* [EXERCISE REQUIREMENTS] Only one span is wanted from the lines below: from the one with "dog wakes owner" up to and including the one with "A silhouette of". Copy it exactly, without images.

* [INPUT FOR THIS TASK]
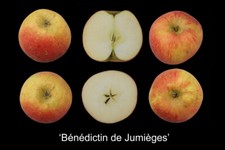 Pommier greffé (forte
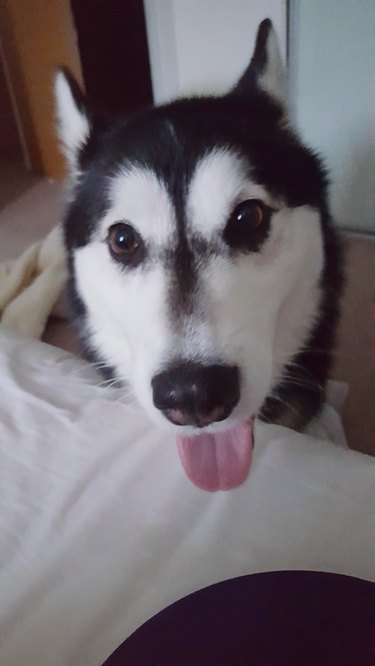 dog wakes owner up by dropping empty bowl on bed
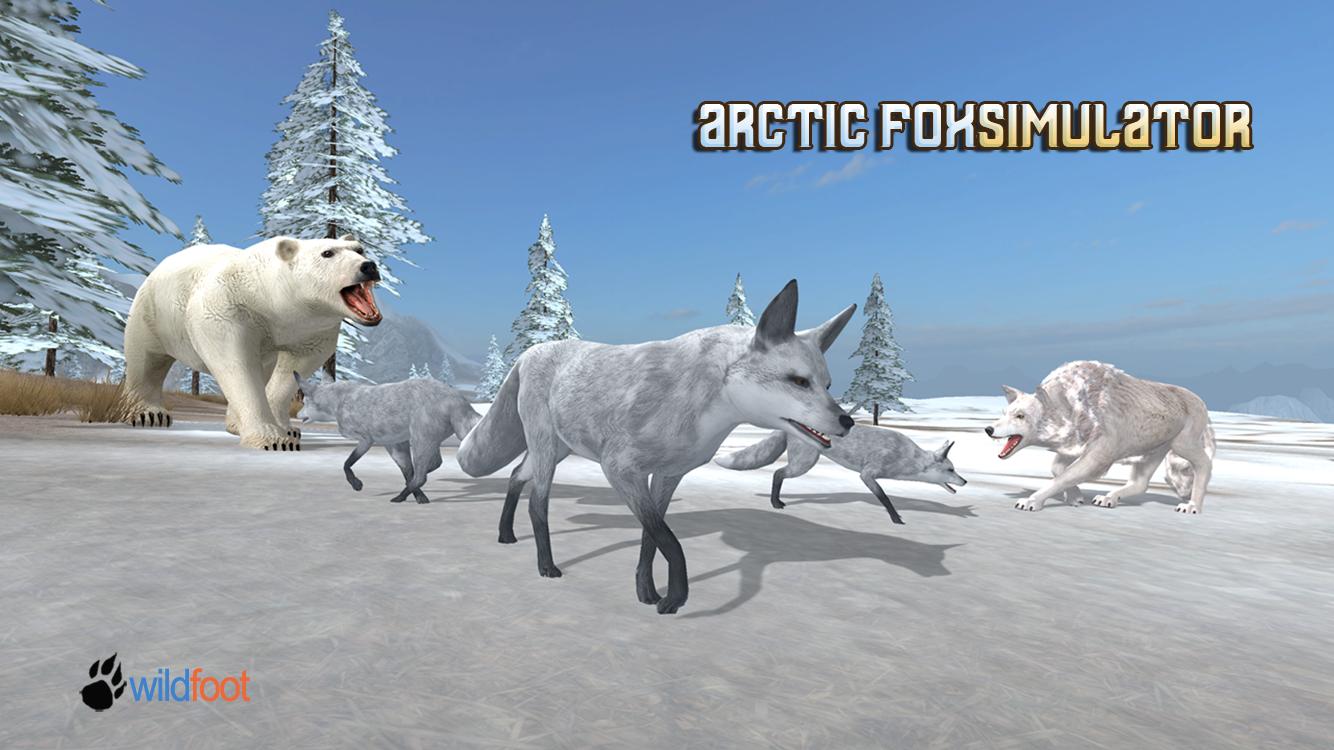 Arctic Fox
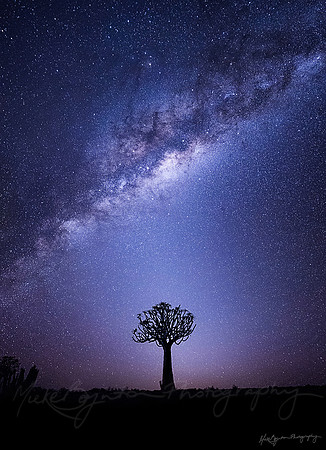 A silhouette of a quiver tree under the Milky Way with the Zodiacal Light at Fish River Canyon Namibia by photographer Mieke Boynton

==

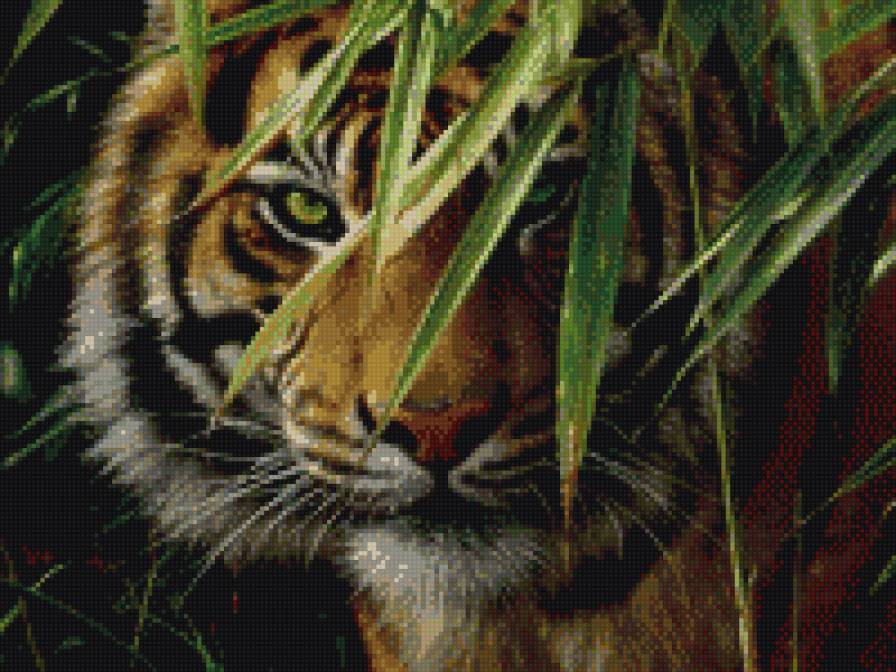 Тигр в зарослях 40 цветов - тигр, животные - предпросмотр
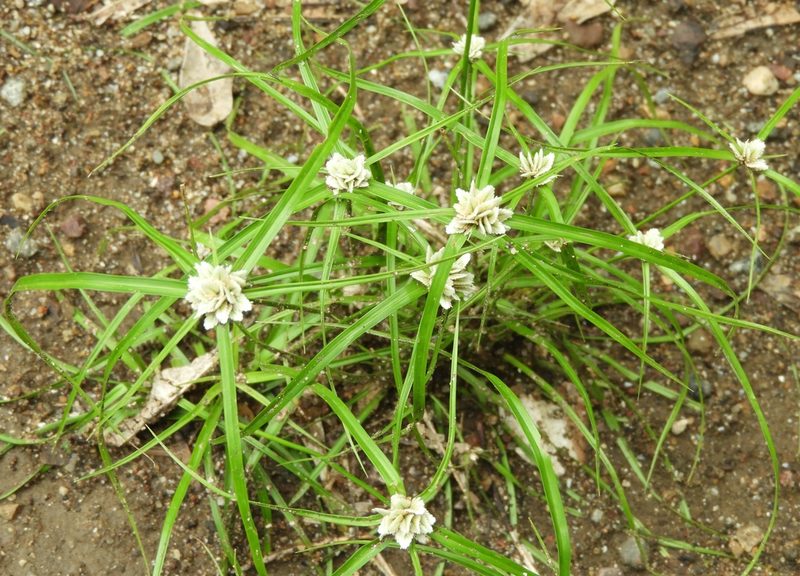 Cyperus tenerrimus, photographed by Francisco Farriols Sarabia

* [TASK OUTPUT]
 dog wakes owner up by dropping empty bowl on bed
 Arctic Fox
 A silhouette of a quiver tree under the Milky Way with the Zodiacal Light at Fish River Canyon Namibia by photographer Mieke Boynton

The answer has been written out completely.